_TASK REQUIREMENTS_
Write out again, word for word, the lines below from the line that holds "9ct Diamond Eternity" through the line that holds "Set of world", omitting pictures.

GIVEN DATA Start Marker

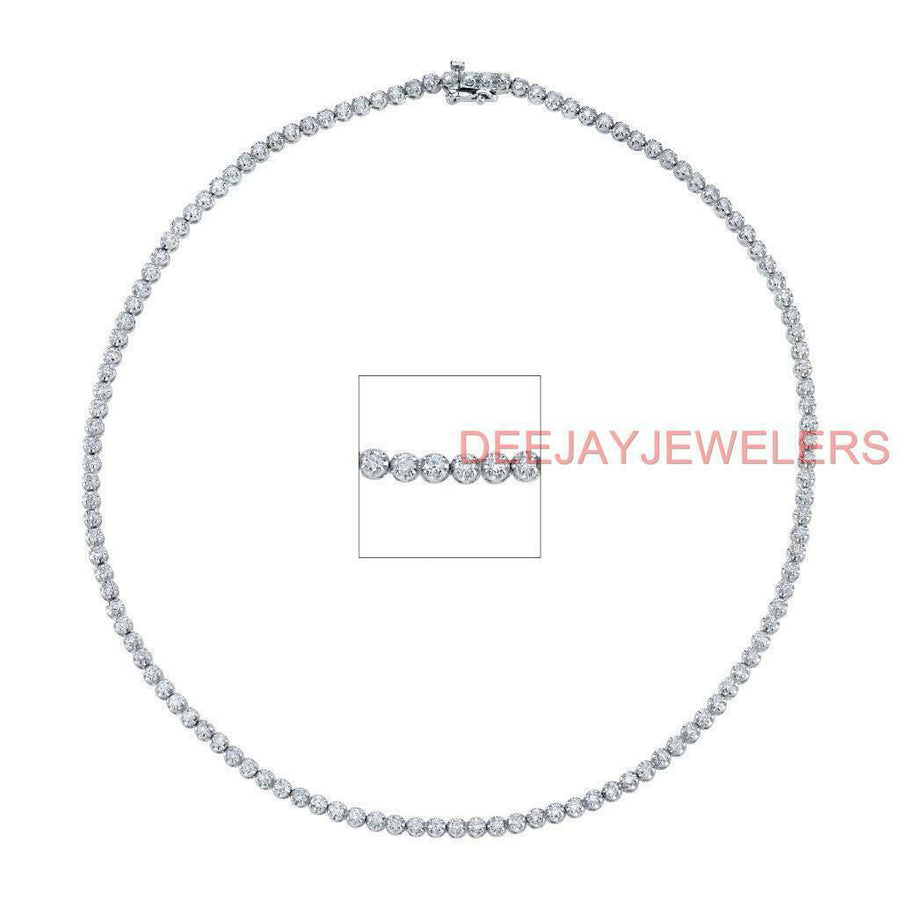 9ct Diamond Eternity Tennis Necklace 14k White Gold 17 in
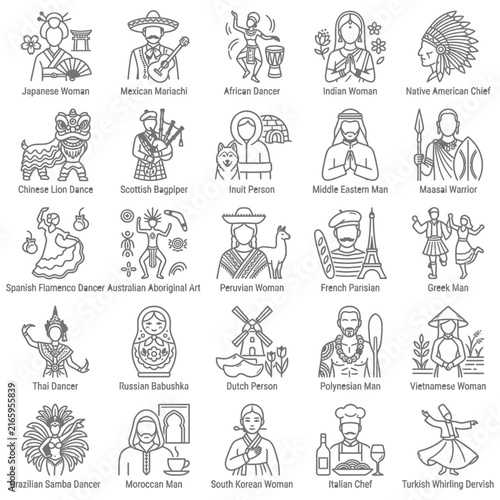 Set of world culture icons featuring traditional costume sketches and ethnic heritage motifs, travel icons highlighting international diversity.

GIVEN DATA End Marker
GIVEN DATA Start Marker

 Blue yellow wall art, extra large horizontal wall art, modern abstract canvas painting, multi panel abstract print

GIVEN DATA End Marker

_TASK RESULT_
 9ct Diamond Eternity Tennis Necklace 14k White Gold 17 in
 Set of world culture icons featuring traditional costume sketches and ethnic heritage motifs, travel icons highlighting international diversity.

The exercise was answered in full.